Sometimes you have customers that power or their energy costs are a huge portion of whatever service or product that they're providing. They're absolutely going to be more sensitive than somebody who's it's a small portion. I mean, just think about it. When you go to 7-Eleven, if you're going to buy a piece of candy, are you thinking about, is it 10 cents more? Is it 20 cents more? I mean, you're probably not going to be as price-sensitive on that. But if you're buying a house, which is a much bigger portion of your budget, you're going to be more price-sensitive. So it depends on the customer. And also, it has to work for their economics. So there's customers that have approached us in the past that want something, and we can't deliver it at a cost structure that makes sense for them.

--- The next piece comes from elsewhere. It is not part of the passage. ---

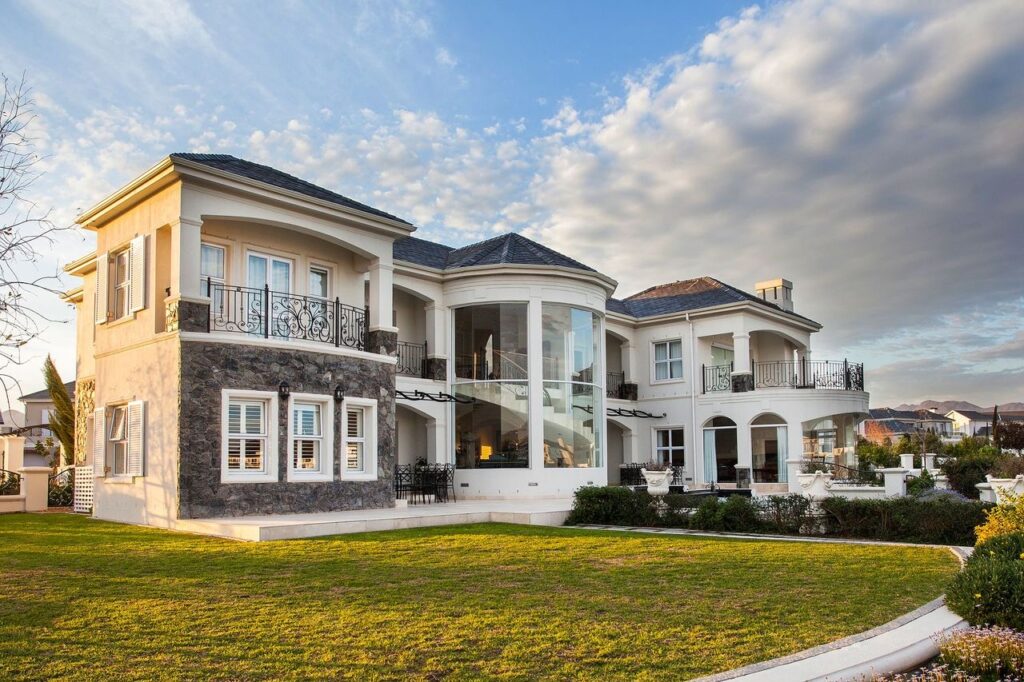 A beautiful luxury Mansion with modern aluminum windows painted white with lots of glass for natural light and a green front lawn in Cape Town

And so they're going to be very price-sensitive. So it's very situation-specific, and so it's hard to describe the exact returns. But our methodology doesn't change. We've got the minimum level. We vary the return above that depending on the risk of the cash flow. And sometimes we can do better than where our minimum returns that we would target based on the risk in that cash flow. And sometimes we're right at the minimum returns, but always well in excess of our cost of capital.
Yeah, and I think the other thing would be just the competitive nature of where you are. If you're in an area that has more competition, then that can definitely change the return profile that you might see.
Okay. Quick question over there.
If I could just go back to the comments that you made on front of the meter, behind the meter. So I think some of your peers, Williams and TC Energy, are looking at kind of holistic solutions behind the meter where they would bring the gas, supply it, build the power plant with some of the turbines that they use for compressors. And deal directly with the data centers that way. Is that something that you would be open to or looking at, or is it kind of more focused on working with the utility and aggregating it that way?
Yeah. I think it's largely more focused with working with the utility. I'm not saying that's something that we would never do, but we did build power plants once in my lifetime at Kinder Morgan. And that is not where our core competency is. And so we're good at building pipelines and bringing those in service. And we strive hard to do them on time and on budget. And a power plant's just a totally different animal. And so if we could get the right structure where we had an EPC contract and where we weren't taking the spark spread risk, taking spark spread risk is not really our business either. So if you had a long-term offtake and you had an EPC contractor, is it something that we consider? Maybe.
But I think there's a lot of people out there that are going to be more competitive building power plants than we would at Kinder Morgan. Now, there are other things that we can consider, like if you have land and it's next to a storage facility, could you contribute the land and get some type of interest in the power plant and try to structure that so it wasn't as commodity sensitive or it was an all upside ? I mean, I think that's something that we can consider. But generally, we're good at building pipelines, and that's the business we're going to focus on.
Just ask another follow-up on the previous question. So Mike asked about the returns that you get on projects, and you kind of mentioned you kind of gave the framework that you've been using for the last few years, which is this is our cost of capital. And depending on the risk of the project, we'll price above it. But have you seen because we have heard?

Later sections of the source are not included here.